С помощью отчаянного телеграфирования во все стороны проблемы эти разрешились, и он благополучно вернулся в Париж, но перед этим проявил в незначительном инциденте свою характерную черточку. Он решил посетить единственного знакомого человека в Инсбруке, Зигфрида Граубарта, который позднее с наслаждением описывал эту встречу.

Отец Граубарта был владельцем большого обувного магазина, и в особо посещаемые дни Зигфрид приходил туда ему помогать. В холодный декабрьский день он находился там и увидел, что одна из продавщиц в переполненном людьми магазине с большим трудом стаскивает тяжеленные сапоги с ног тирольского фермера. Он подошел, чтоб помочь, но безуспешно: он потянул сапог изо всех сил и отлетел назад. От падения его спасли чьи-то руки, крепко схватившие его за пояс и осторожно отставившие в сторону. Это был Жаботинский — он сам взялся за сапог и без видимого усилия стащил его с ноги воспрянувшего духом тирольца[86].

Примечательно и даже символично, как резко он переломил направление своей жизни. Ту неделю вынужденного безделья, которая у него появилась в Австрии, он не потратил на перевод Данте, что обычно делал в подобных случаях — и в тюрьме в Акко, и на борту корабля, направлявшегося в Соединенные Штаты, да в общем, всегда, когда выдавалась минута отдыха. Но тут он написал политический памфлет — по-немецки — под названием "Чего хотят сионисты-ревизионисты?"[87]

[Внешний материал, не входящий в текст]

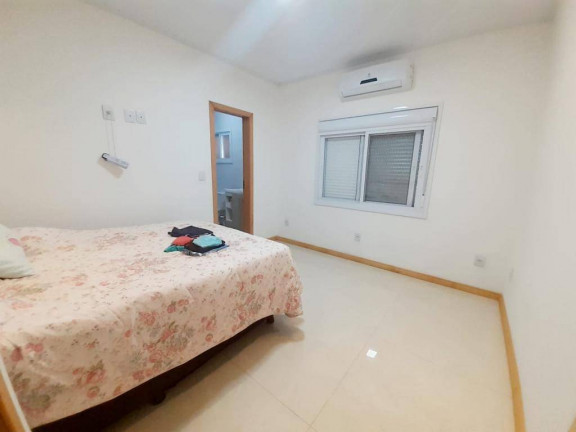 Imagem Casa com 4 Quartos à Venda, 120 m² em Xangri-lá Imagem Casa com 4 Quartos à Venda, 120 m² em Xangri-lá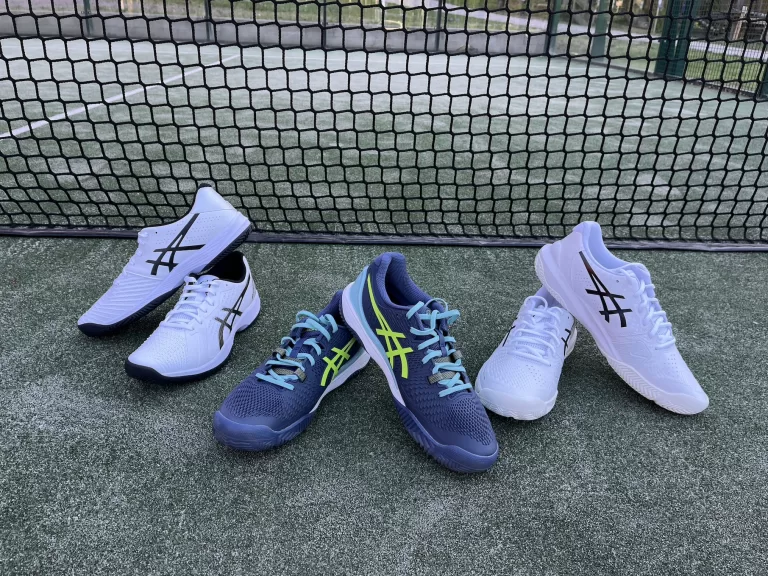 Asics padelkenkiä padelkentällä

Вскоре после своего возвращения в Париж он получил приветственную телеграмму от своих товарищей по легиону. Его поздравляли с тем, что в Большую иерусалимскую синагогу было внесено знамя Сорокового батальона. На церемонии присутствовал лорд Пламер. Он сам был генералом, прославившимся на этой войне. Прославился он еще — и не менее — своим незнанием политики вообще и палестинских проблем в частности. Личные его взгляды по этому поводу тоже были неизвестны. Руководствовался он прецедентами, в результате чего действия Сэмюэла, послужившие ему примером, укоренились в политике администрации.